═══ GIVEN DATA ═══
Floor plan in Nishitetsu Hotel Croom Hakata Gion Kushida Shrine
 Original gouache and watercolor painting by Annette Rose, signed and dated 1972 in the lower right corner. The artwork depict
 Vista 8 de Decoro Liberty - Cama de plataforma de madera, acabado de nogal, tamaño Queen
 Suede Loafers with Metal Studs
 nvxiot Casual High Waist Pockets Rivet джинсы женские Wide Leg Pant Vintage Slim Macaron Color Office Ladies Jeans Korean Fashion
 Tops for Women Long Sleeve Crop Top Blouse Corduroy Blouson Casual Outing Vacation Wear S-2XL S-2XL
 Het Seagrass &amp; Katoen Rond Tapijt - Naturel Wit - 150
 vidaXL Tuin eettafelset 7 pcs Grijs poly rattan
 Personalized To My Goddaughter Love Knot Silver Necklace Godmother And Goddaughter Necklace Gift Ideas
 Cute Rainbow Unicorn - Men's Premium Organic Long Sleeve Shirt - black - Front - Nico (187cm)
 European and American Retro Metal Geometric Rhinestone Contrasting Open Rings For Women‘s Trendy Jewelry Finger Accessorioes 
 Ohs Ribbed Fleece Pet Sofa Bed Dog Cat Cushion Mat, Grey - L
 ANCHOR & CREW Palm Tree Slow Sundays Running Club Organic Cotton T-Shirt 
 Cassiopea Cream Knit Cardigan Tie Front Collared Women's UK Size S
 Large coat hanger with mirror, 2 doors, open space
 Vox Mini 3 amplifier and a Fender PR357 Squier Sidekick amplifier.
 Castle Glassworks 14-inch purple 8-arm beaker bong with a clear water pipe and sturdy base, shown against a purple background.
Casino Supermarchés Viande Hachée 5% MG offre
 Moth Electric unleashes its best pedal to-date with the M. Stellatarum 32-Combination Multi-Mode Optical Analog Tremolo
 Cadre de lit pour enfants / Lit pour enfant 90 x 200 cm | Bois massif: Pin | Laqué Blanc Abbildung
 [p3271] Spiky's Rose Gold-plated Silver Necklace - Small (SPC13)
═══
Retype all the data. Nothing may be left out or altered.

Floor plan in Nishitetsu Hotel Croom Hakata Gion Kushida Shrine
 Original gouache and watercolor painting by Annette Rose, signed and dated 1972 in the lower right corner. The artwork depict
 Vista 8 de Decoro Liberty - Cama de plataforma de madera, acabado de nogal, tamaño Queen
 Suede Loafers with Metal Studs
 nvxiot Casual High Waist Pockets Rivet джинсы женские Wide Leg Pant Vintage Slim Macaron Color Office Ladies Jeans Korean Fashion
 Tops for Women Long Sleeve Crop Top Blouse Corduroy Blouson Casual Outing Vacation Wear S-2XL S-2XL
 Het Seagrass &amp; Katoen Rond Tapijt - Naturel Wit - 150
 vidaXL Tuin eettafelset 7 pcs Grijs poly rattan
 Personalized To My Goddaughter Love Knot Silver Necklace Godmother And Goddaughter Necklace Gift Ideas
 Cute Rainbow Unicorn - Men's Premium Organic Long Sleeve Shirt - black - Front - Nico (187cm)
 European and American Retro Metal Geometric Rhinestone Contrasting Open Rings For Women‘s Trendy Jewelry Finger Accessorioes 
 Ohs Ribbed Fleece Pet Sofa Bed Dog Cat Cushion Mat, Grey - L
 ANCHOR & CREW Palm Tree Slow Sundays Running Club Organic Cotton T-Shirt 
 Cassiopea Cream Knit Cardigan Tie Front Collared Women's UK Size S
 Large coat hanger with mirror, 2 doors, open space
 Vox Mini 3 amplifier and a Fender PR357 Squier Sidekick amplifier.
 Castle Glassworks 14-inch purple 8-arm beaker bong with a clear water pipe and sturdy base, shown against a purple background.
Casino Supermarchés Viande Hachée 5% MG offre
 Moth Electric unleashes its best pedal to-date with the M. Stellatarum 32-Combination Multi-Mode Optical Analog Tremolo
 Cadre de lit pour enfants / Lit pour enfant 90 x 200 cm | Bois massif: Pin | Laqué Blanc Abbildung
 [p3271] Spiky's Rose Gold-plated Silver Necklace - Small (SPC13)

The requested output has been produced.